The line that contains "This vehicle qualifies" marks the start. Please set it down, with every later line of the data, exactly and without pictures.

Stored items
::::
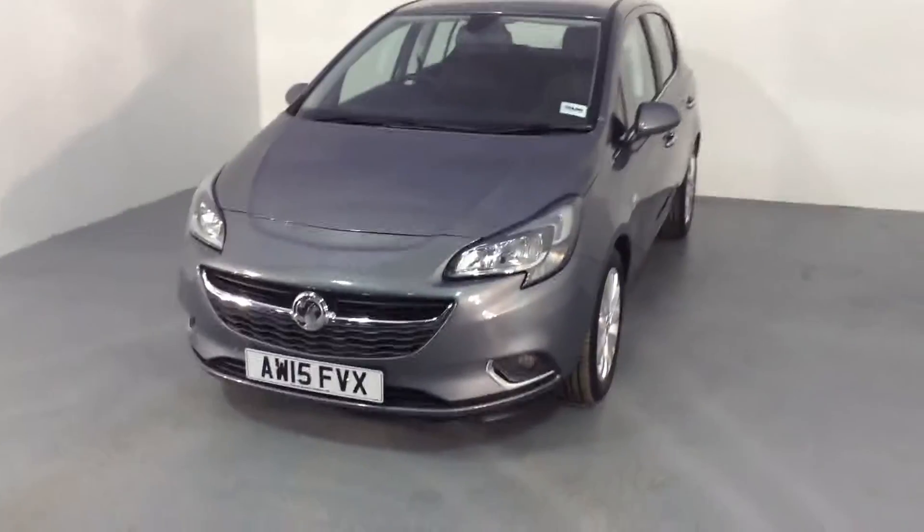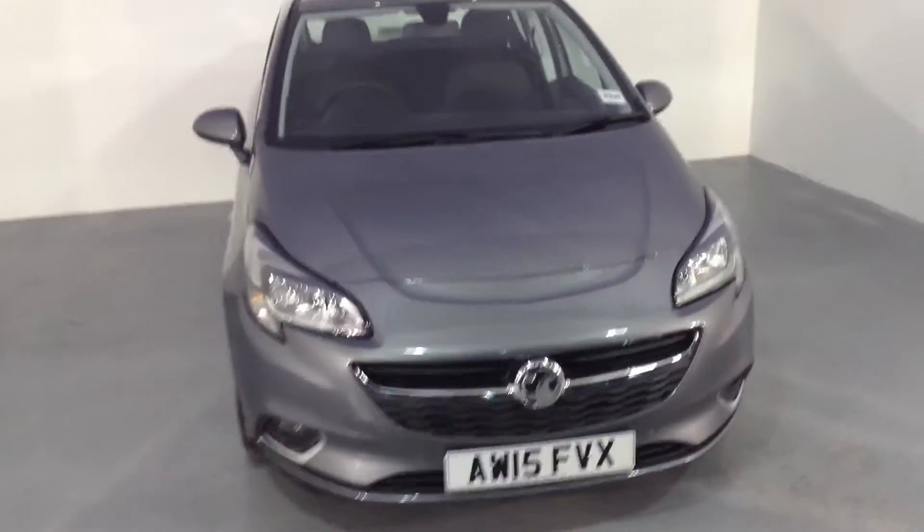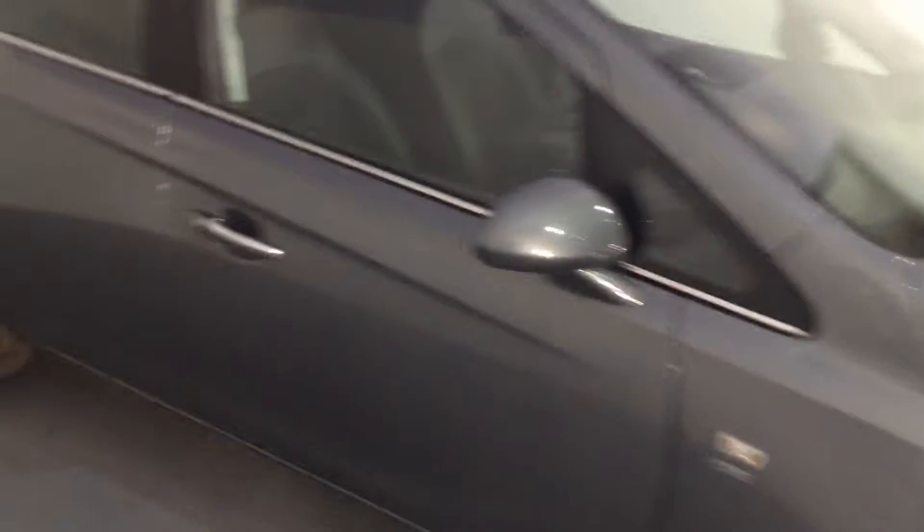Welcome to Thames Service Station — another fantastic car has just landed into our stock. This is the 1.4 SE and it's the 5-door version. A great feature of the new SE is front and rear parking sensors, and they have gone above and beyond on the interior of these as well.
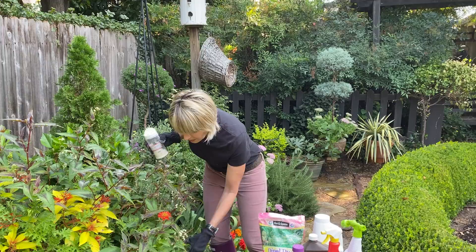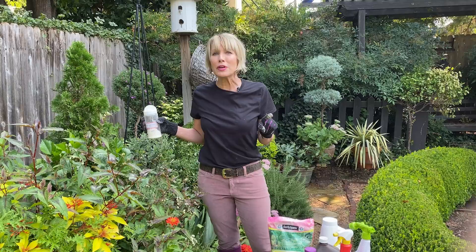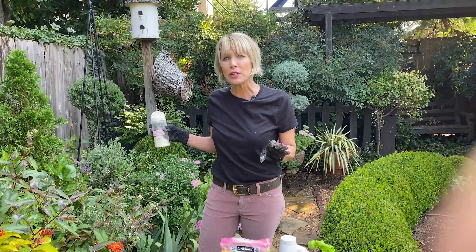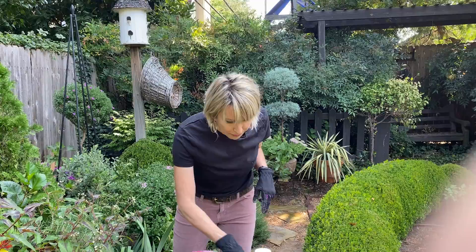I'm not putting it over the entire plant. Some of you will probably tell me you douse the entire plant, but I don't — I want to make sure I'm only getting the nasty caterpillars and not the good ones. There are quite a few swallowtail caterpillars out now munching on parsley and dill, and I really want to be careful not to harm them. This is how I address budworms and any kind of chewing caterpillar.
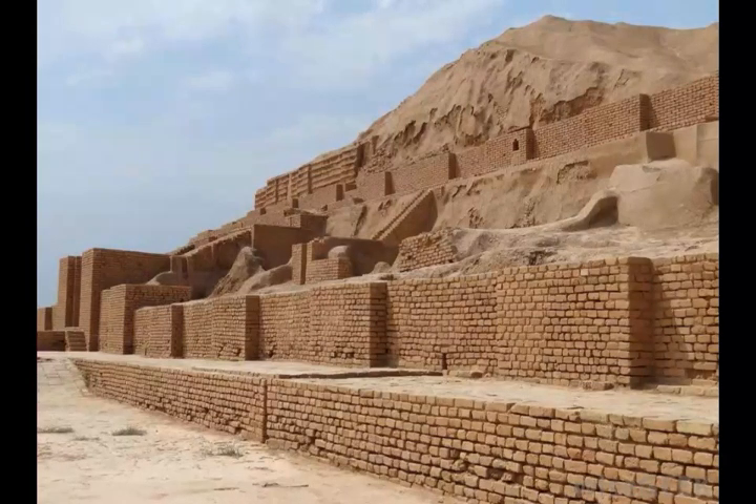A ziggurat is a structure which takes the form of a terraced pyramid, with a flat platform at its apex. Ziggurats can be found scattered across lands once occupied by Mesopotamian civilizations, and also in parts of Mesoamerica. These mammoth structures are quite remarkable, when one considers that the people who built them did not have access to modern architectural, engineering, and construction tools, and they are fascinating sites to visit and study.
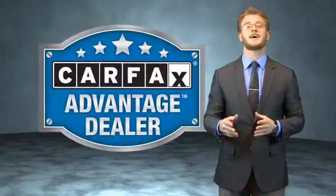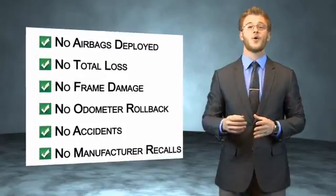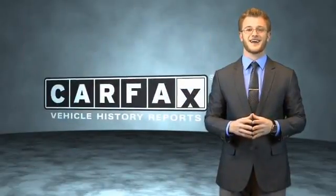This vehicle qualifies for the Carfax Buyback Guarantee. Be sure to find a complimentary copy of the Carfax Vehicle History Report online or contact a dealership. Just say, show me the Carfax.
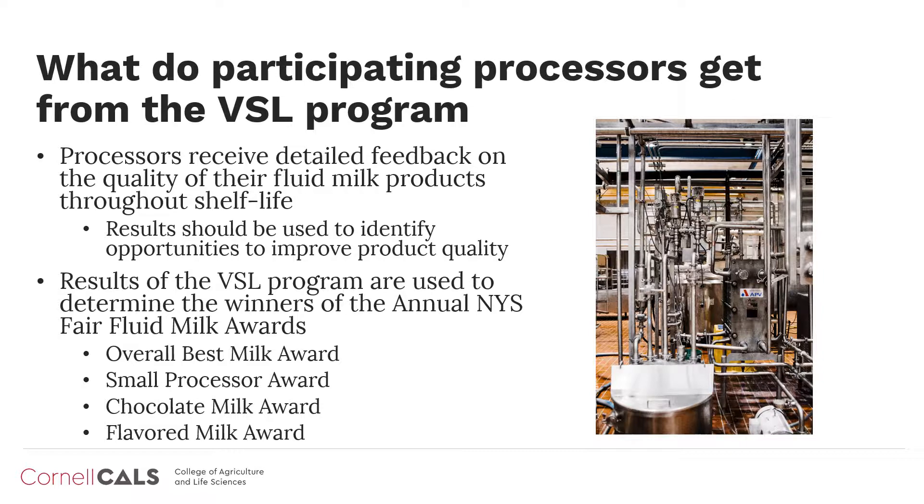Further, data generated as part of the VSL program is used to determine the winners of the annual New York State Fair fluid milk awards. New York State processors who submit the required samples are automatically entered into this competition in one or more categories including Overall Best Milk Award, Small Processor Award, Chocolate Milk Award, and Flavored Milk Award. These awards are unique opportunities for New York State fluid milk processors to market and promote their products.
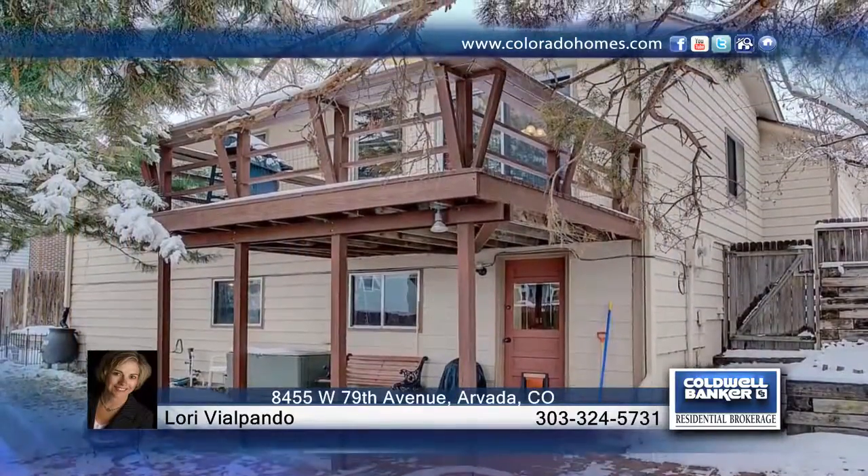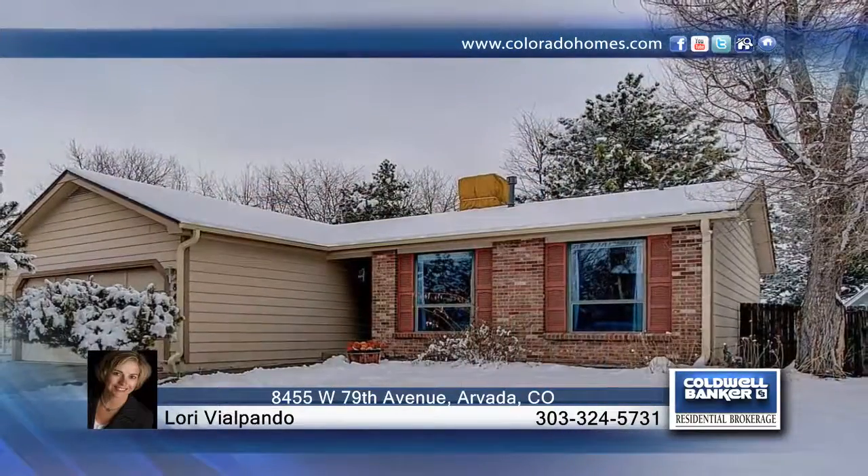Close to shopping, restaurants, George Meyer Pool, and more, this home won't last long. See everything in person with the Colta Lori Viopando.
::::
EXERCISE OUTPUT -
This vehicle qualifies for the Carfax Buyback Guarantee. Be sure to find a complimentary copy of the Carfax Vehicle History Report online or contact a dealership. Just say, show me the Carfax.
Further, data generated as part of the VSL program is used to determine the winners of the annual New York State Fair fluid milk awards. New York State processors who submit the required samples are automatically entered into this competition in one or more categories including Overall Best Milk Award, Small Processor Award, Chocolate Milk Award, and Flavored Milk Award. These awards are unique opportunities for New York State fluid milk processors to market and promote their products.
Close to shopping, restaurants, George Meyer Pool, and more, this home won't last long. See everything in person with the Colta Lori Viopando.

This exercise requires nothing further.